== Work instructions ==
Return the opening lines of the material, word for word. End with the line that contains "YND Men's Slim".
_ _ _
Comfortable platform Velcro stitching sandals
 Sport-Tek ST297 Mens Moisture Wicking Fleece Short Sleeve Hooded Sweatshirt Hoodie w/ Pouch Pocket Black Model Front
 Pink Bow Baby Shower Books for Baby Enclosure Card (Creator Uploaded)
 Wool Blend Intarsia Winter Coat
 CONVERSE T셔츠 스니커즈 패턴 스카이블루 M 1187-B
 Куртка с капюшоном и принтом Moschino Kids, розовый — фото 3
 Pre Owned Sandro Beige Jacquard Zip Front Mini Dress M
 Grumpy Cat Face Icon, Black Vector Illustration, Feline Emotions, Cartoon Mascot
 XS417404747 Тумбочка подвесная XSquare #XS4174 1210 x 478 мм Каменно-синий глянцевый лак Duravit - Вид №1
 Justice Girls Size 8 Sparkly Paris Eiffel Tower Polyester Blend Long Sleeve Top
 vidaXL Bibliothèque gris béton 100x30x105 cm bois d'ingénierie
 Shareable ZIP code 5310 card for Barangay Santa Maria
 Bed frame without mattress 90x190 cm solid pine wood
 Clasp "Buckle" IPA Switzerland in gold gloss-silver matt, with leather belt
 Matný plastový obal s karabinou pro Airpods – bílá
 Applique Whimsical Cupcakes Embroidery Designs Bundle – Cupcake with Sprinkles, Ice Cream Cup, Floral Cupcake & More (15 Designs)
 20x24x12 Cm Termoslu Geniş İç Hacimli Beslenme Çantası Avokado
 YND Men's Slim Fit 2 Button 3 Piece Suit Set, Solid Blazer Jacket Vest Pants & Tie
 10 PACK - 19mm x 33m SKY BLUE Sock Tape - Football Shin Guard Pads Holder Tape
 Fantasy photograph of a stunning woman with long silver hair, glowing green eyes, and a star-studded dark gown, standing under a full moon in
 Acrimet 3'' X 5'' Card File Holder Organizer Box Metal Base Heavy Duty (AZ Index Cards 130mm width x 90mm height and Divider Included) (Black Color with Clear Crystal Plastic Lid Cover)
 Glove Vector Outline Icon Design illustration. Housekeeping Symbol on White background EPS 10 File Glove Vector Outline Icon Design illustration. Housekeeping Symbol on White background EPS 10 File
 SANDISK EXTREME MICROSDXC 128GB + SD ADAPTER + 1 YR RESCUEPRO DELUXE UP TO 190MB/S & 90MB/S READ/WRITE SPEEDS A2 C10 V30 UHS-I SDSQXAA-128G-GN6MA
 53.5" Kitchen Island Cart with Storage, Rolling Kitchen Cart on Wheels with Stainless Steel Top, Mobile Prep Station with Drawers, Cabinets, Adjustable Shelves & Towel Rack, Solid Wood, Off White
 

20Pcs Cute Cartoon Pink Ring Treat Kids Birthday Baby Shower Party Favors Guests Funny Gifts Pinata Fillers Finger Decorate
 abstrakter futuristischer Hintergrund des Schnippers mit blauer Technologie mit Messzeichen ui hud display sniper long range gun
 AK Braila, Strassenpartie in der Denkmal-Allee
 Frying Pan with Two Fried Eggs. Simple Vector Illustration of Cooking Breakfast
_ _ _
== Task response ==
Comfortable platform Velcro stitching sandals
 Sport-Tek ST297 Mens Moisture Wicking Fleece Short Sleeve Hooded Sweatshirt Hoodie w/ Pouch Pocket Black Model Front
 Pink Bow Baby Shower Books for Baby Enclosure Card (Creator Uploaded)
 Wool Blend Intarsia Winter Coat
 CONVERSE T셔츠 스니커즈 패턴 스카이블루 M 1187-B
 Куртка с капюшоном и принтом Moschino Kids, розовый — фото 3
 Pre Owned Sandro Beige Jacquard Zip Front Mini Dress M
 Grumpy Cat Face Icon, Black Vector Illustration, Feline Emotions, Cartoon Mascot
 XS417404747 Тумбочка подвесная XSquare #XS4174 1210 x 478 мм Каменно-синий глянцевый лак Duravit - Вид №1
 Justice Girls Size 8 Sparkly Paris Eiffel Tower Polyester Blend Long Sleeve Top
 vidaXL Bibliothèque gris béton 100x30x105 cm bois d'ingénierie
 Shareable ZIP code 5310 card for Barangay Santa Maria
 Bed frame without mattress 90x190 cm solid pine wood
 Clasp "Buckle" IPA Switzerland in gold gloss-silver matt, with leather belt
 Matný plastový obal s karabinou pro Airpods – bílá
 Applique Whimsical Cupcakes Embroidery Designs Bundle – Cupcake with Sprinkles, Ice Cream Cup, Floral Cupcake & More (15 Designs)
 20x24x12 Cm Termoslu Geniş İç Hacimli Beslenme Çantası Avokado
 YND Men's Slim Fit 2 Button 3 Piece Suit Set, Solid Blazer Jacket Vest Pants & Tie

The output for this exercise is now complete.